Earth-Bound Affections

And this gets us to what is perhaps the crux of the issue for this post: when our affections are earth-bound, extending no further than the bounds of our own perspective and place, we find ourselves with interests divided among a thousand different cares, worries, and preoccupations. We find ourselves balancing, or attempting to balance, more priorities than we can possibly manage. And because we have unnaturally arrogated to ourselves the right to decide the right, we naturally feel the weight of the pressure to get it right on our own shoulders. As a result, we often find that we are embittered by our own affections rather than impassioned and emboldened by them.

We are half-hearted creatures, attempting to juggle disparate interests and personal pursuits while ostensibly also serving God. But the problem is the same as a lion chasing two antelope at once: to attempt to have both for dinner will always result in a missed meal.

I believe part of the result of this is that Christians are often stunted in their growth in the grace and knowledge of the Lord Jesus Christ (2 Pet. 3:18). And because their new nature as those who have been regenerated by the Spirit is not flourishing due to their fruitless attempts to keep their old self while putting on the new, they generally find themselves frustrated and even exasperated.

This frustration and exasperation causes confusion, which breeds fear, which breeds anger or timidity. This anger or timidity in turn causes all manner of friction between brothers and sisters in Christ in the church. We begin to treat one another from within a disposition of fear rather than of faith, resulting in a lack of trust in one another. This lack of trust in each other is grounded ultimately in a lack of trust in and dependence on God.

Wholehearted Devotion

This analysis brings me back to the beginning. People who live by principle are not half-hearted.
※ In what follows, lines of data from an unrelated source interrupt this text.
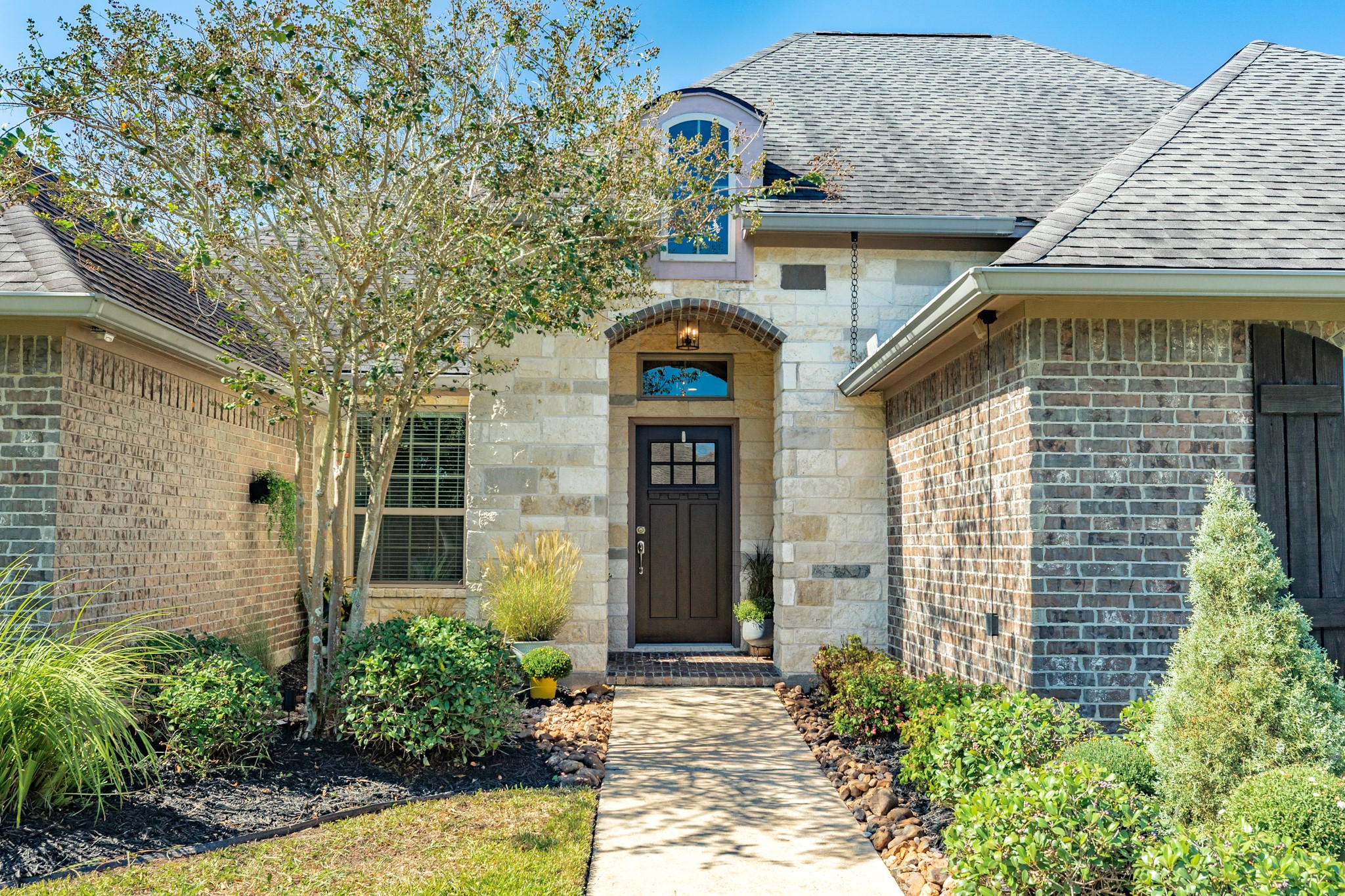 101 Rock Rose Lane, Lake Jackson, TX 77566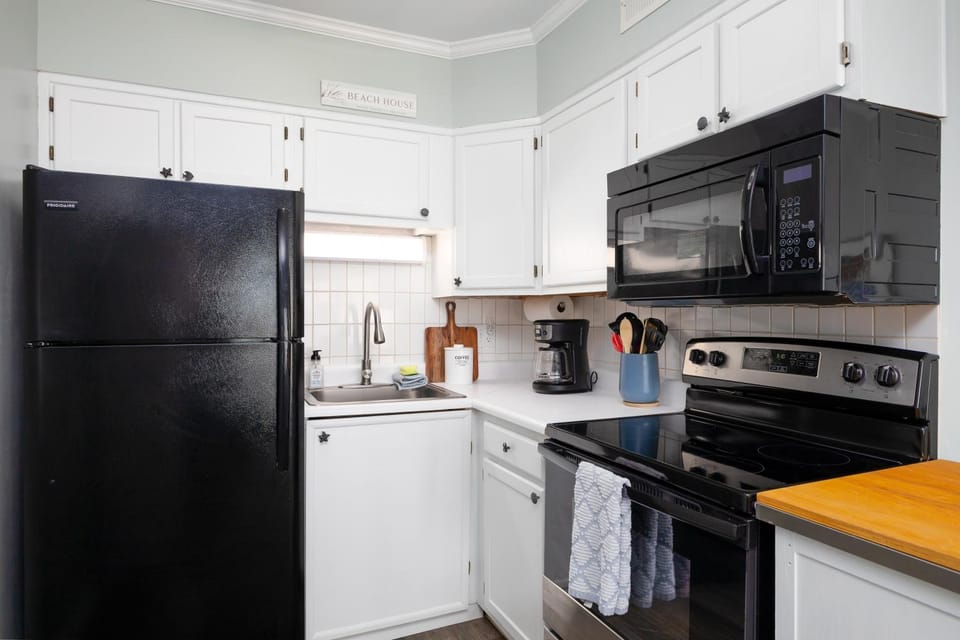 Oceanfront Bliss at Wave Raider -Perfect Getaway Apartment in North Topsail Beach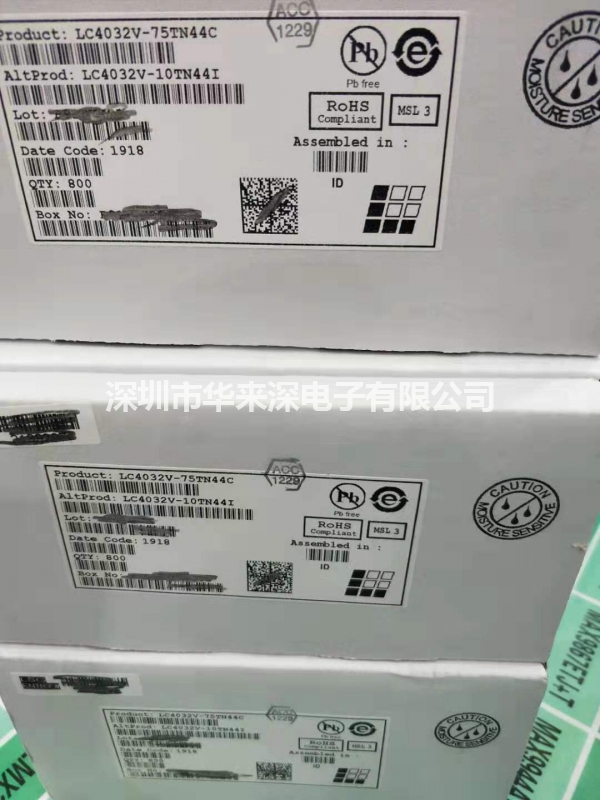 LC4032V-75TN44C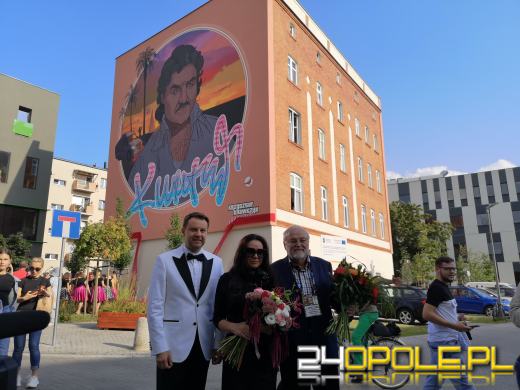 Mural Krzysztofa Krawczyka oficjalnie odsłonięty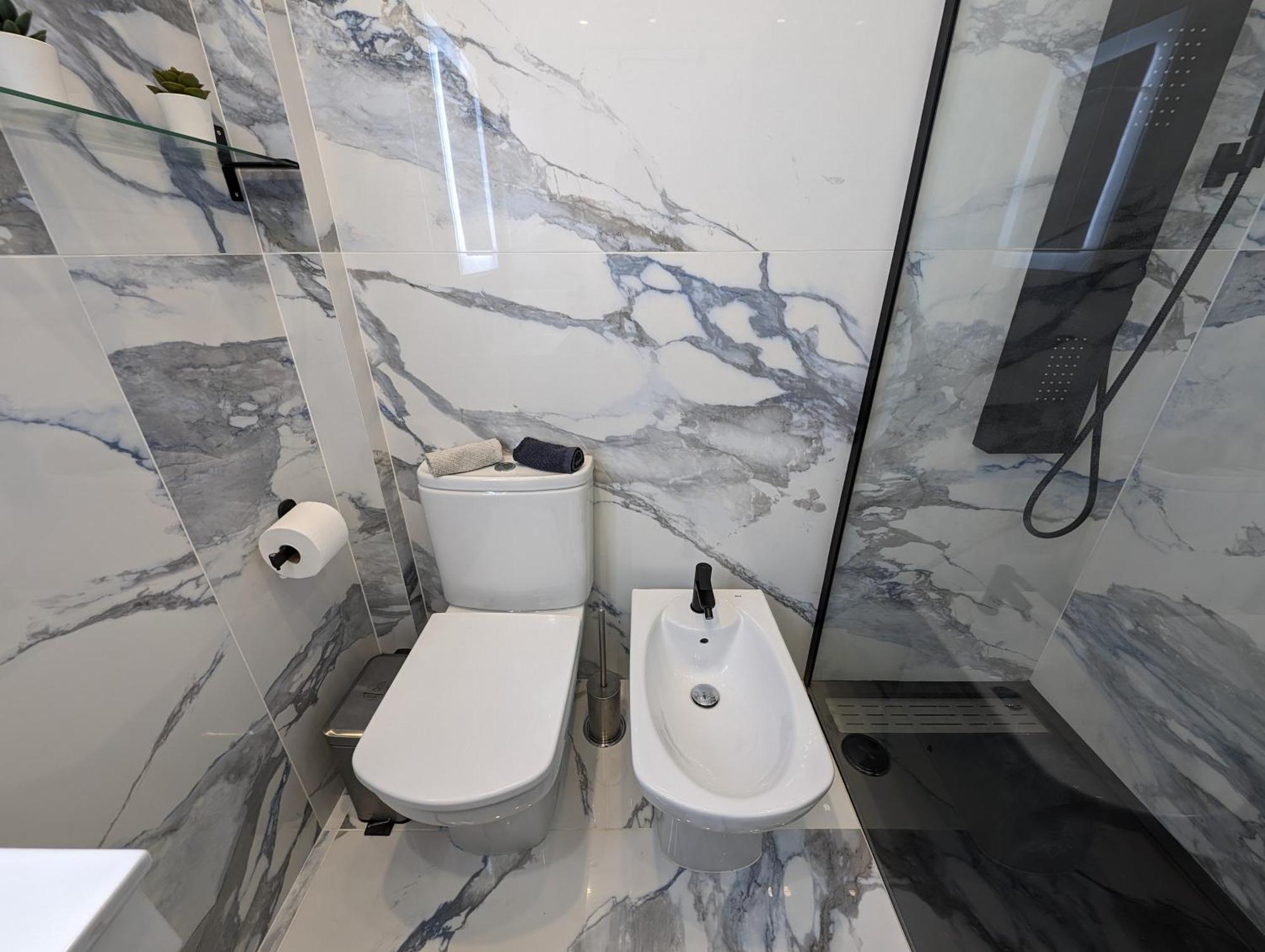 2 Room Condo - 5 Mins From Costa Da Caparica Beach & Bars المظهر الخارجي الصورة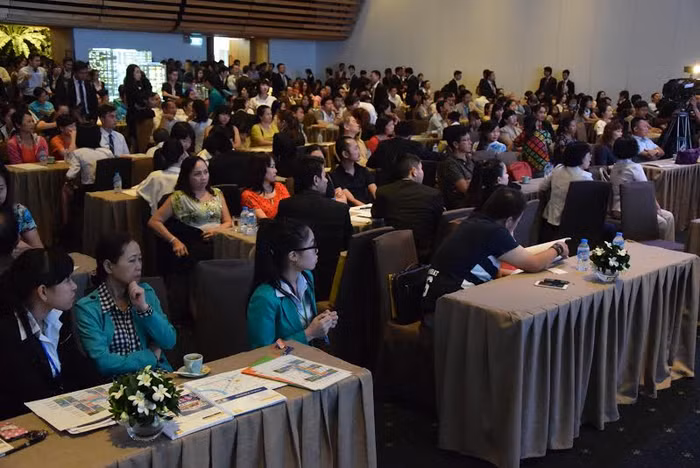 Sự kiện "Tri ân khách hàng và ưu đãi cho 100 khách VIP The GoldView” đã thu hút hơn 400 khách hàng tới tham dự. Chỉ tính riêng trong sự kiện, đã có hơn 100 khách hàng giao dịch thành công.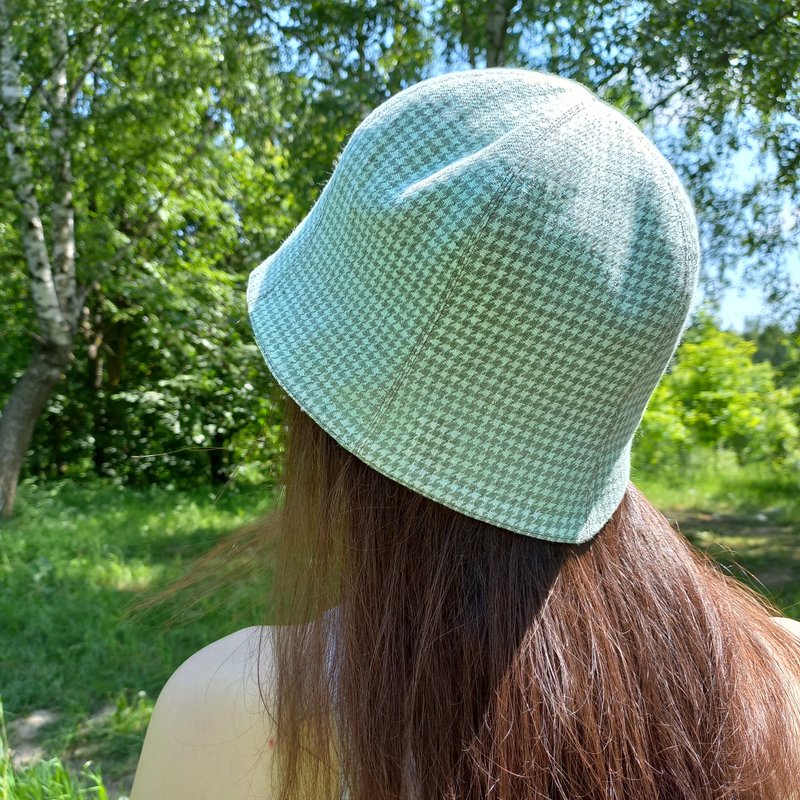 A bell hat made of linen fabric with a houndstooth print. Mint panama hat  tulip - 帽子 - 亞麻 多色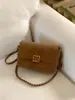 Bolso de Mujer Estilo Europeo de Gamuza Suave Nueva Moda Versátil Gran Capacidad Bolso de Hombro Cruzado Bolso para Commuter Debajo del Brazo Moderno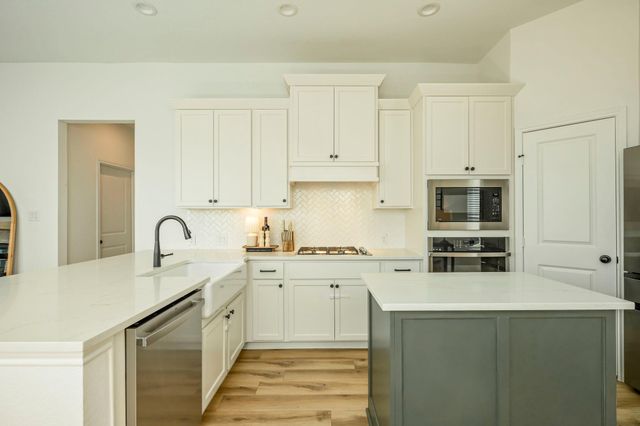 337 Langhorne BND, Liberty Hill, TX 78642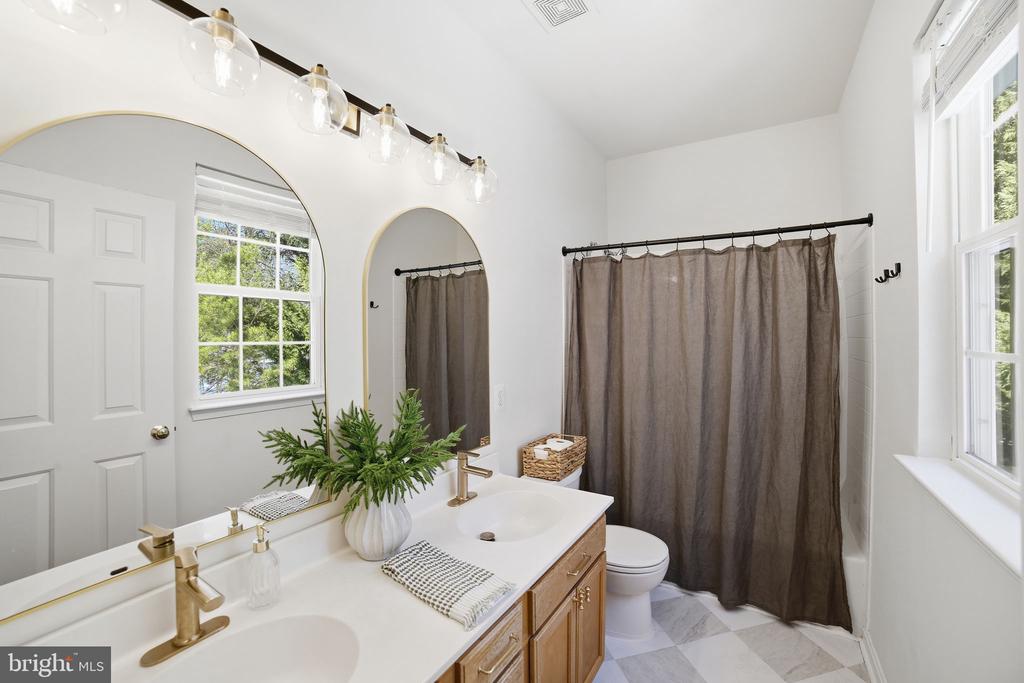 11103 SATURN COURT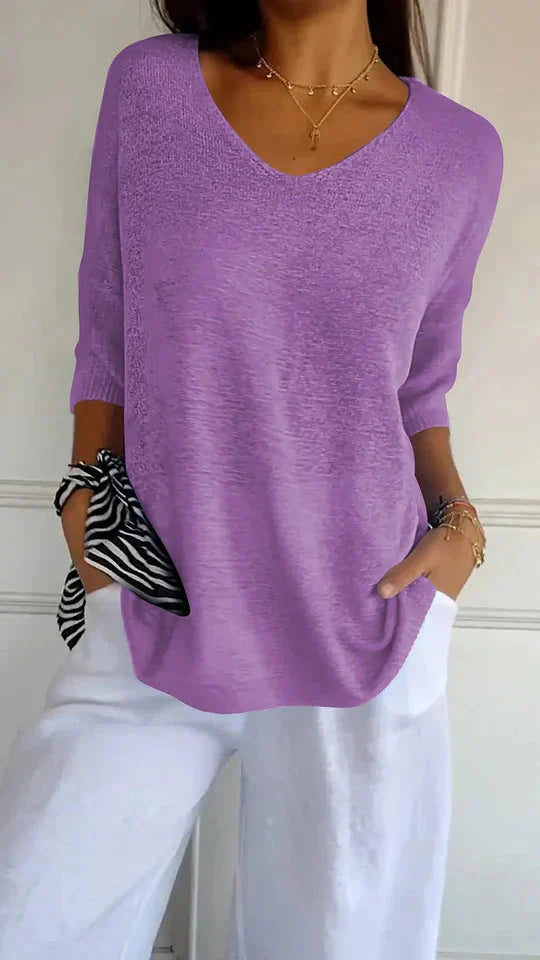 Comfortable Women's Knit Top with V-Neck Chiara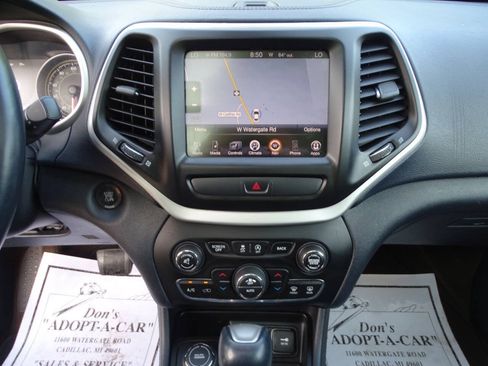 Used 2015 Jeep Cherokee 4WD Limited w/ Luxury Group w/ Luxury Group image 24
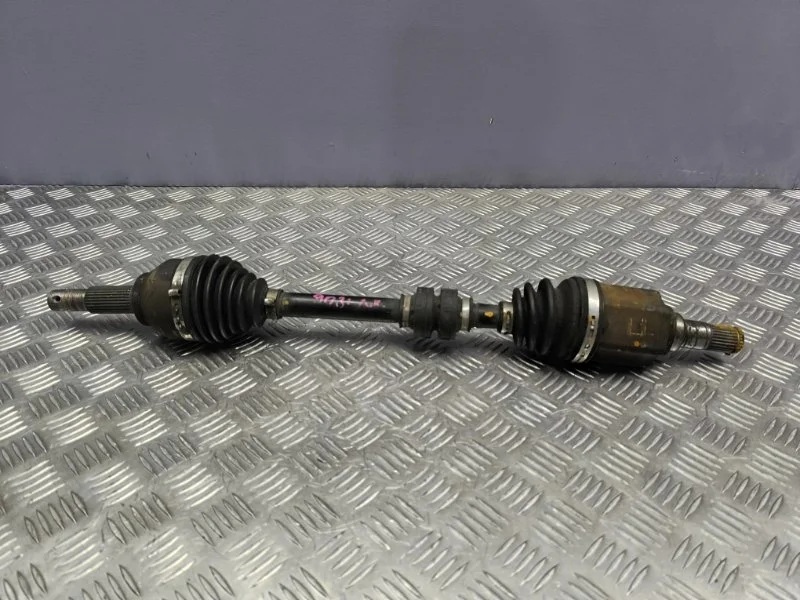 Привод передний левый Nissan Juke 2011 391011KD0A NF15 MR16DDT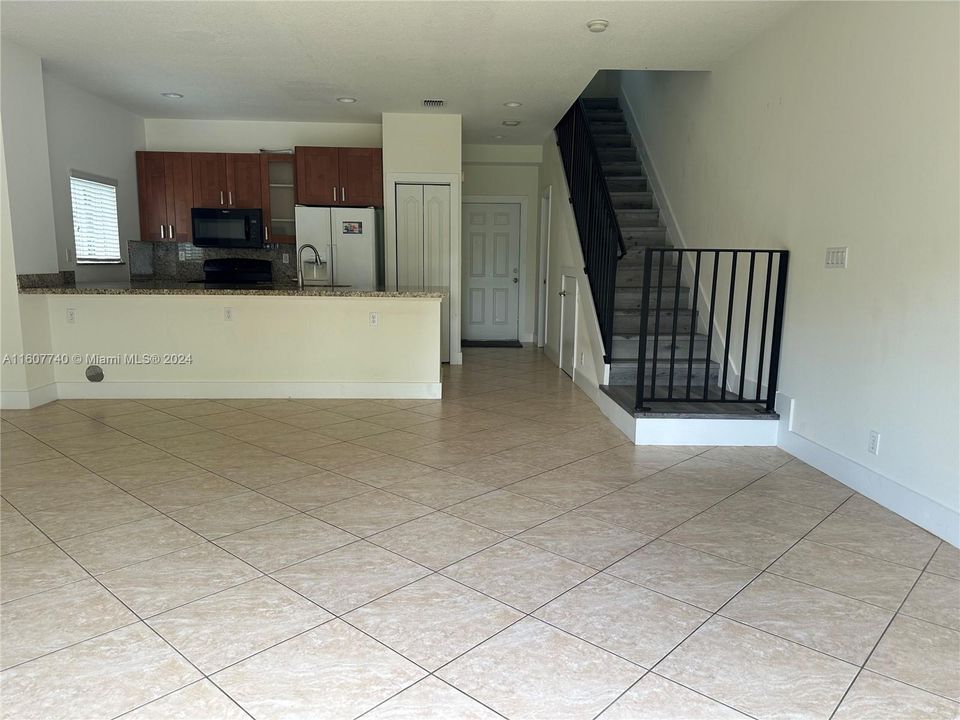 Recently Rented: $2,500 (2 beds, 2 baths, 0 Square Feet)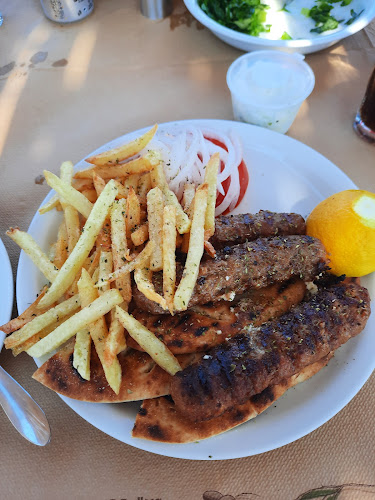 Ταβέρνα "Παραλία"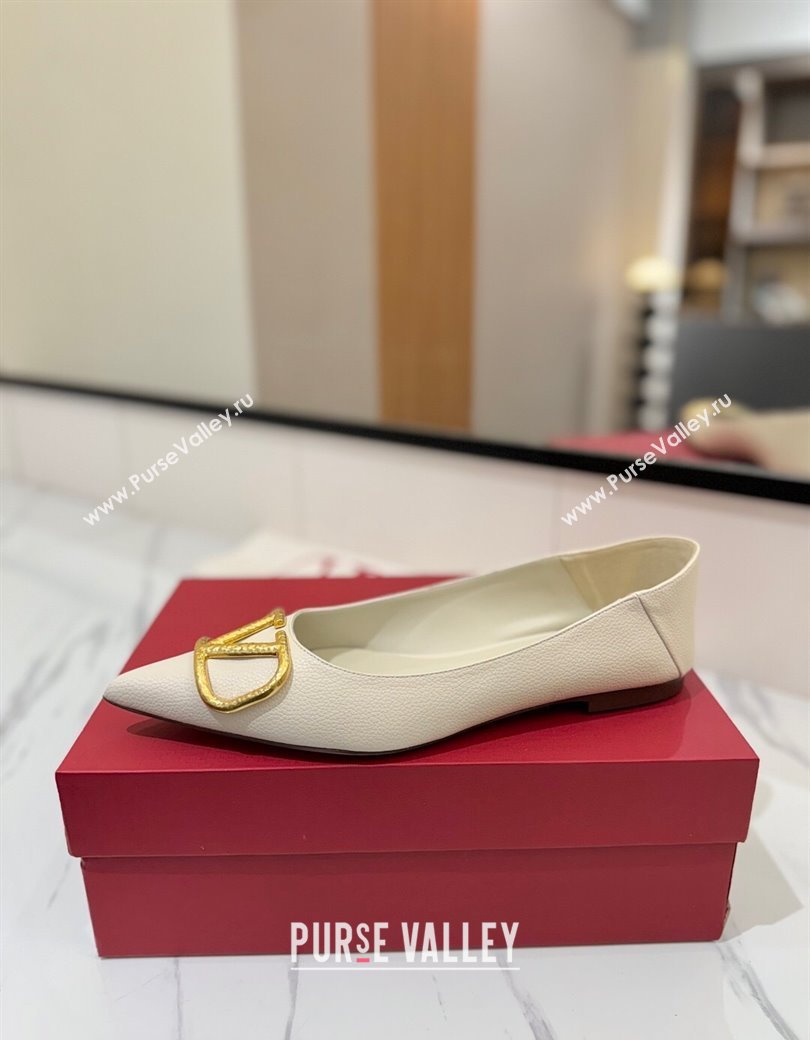 Valentino VLogo Signature Flat Shoes in Grained Calfskin White 2025 VA082103 (MD-250821018)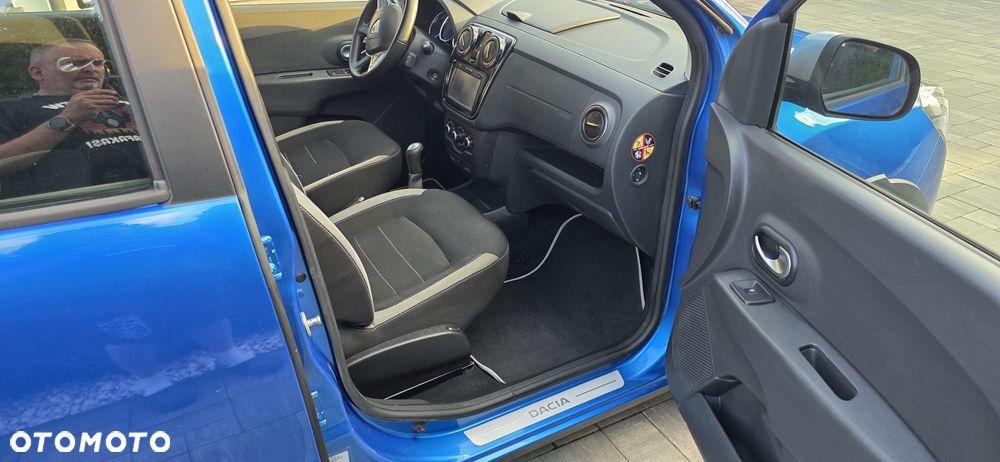 Dacia Lodgy TCe 115 Stepway - 9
They throw full-throated support behind one set of principles and intend not only to live by them but also to die by them. They are governed by faith, whatever the object of that faith may be, and not fear.

Leaving aside the wrong objects of faith, what about the Christian? Should not the Christian of all people live by principle rather than convenience? Of course he should. There is no category in the Bible for halfhearted devotion, yet Christians often live like there is; so when another Christian assumes total devotion with all the entailing emotion they are surprised and confounded.

The love of God requires total commitment, not halfhearted commitment. Just consider Deuteronomy 6:5: "You shall love the LORD your God with all your heart and with all your soul and with all your might" (ESV). There is no category for multiple loves. There is one priority in life: love for God with all that we are for all that we can. God demands total devotion in all that we do. He is the singular priority that determines the shape and character of every aspect of our lives.

Psalm 119:139 says, "My zeal consumes me, because my foes forget your words" (ESV). Does our zeal consume us? Are we eaten up by a burning passion for the glory of God and the holiness without which no one will see him? Or is our zeal diminished because our passions are scattered like so many coals across too large an area?

If we want to be consumed by zeal for the LORD, we must consolidate our passions like coals before him. When coals are lumped together, the heat grows stronger and more intense. When scattered, they lose their heat more quickly. If we would live for God with all our hearts, we must make God the object of all our passion. Anything else will result in half-hearted living for God.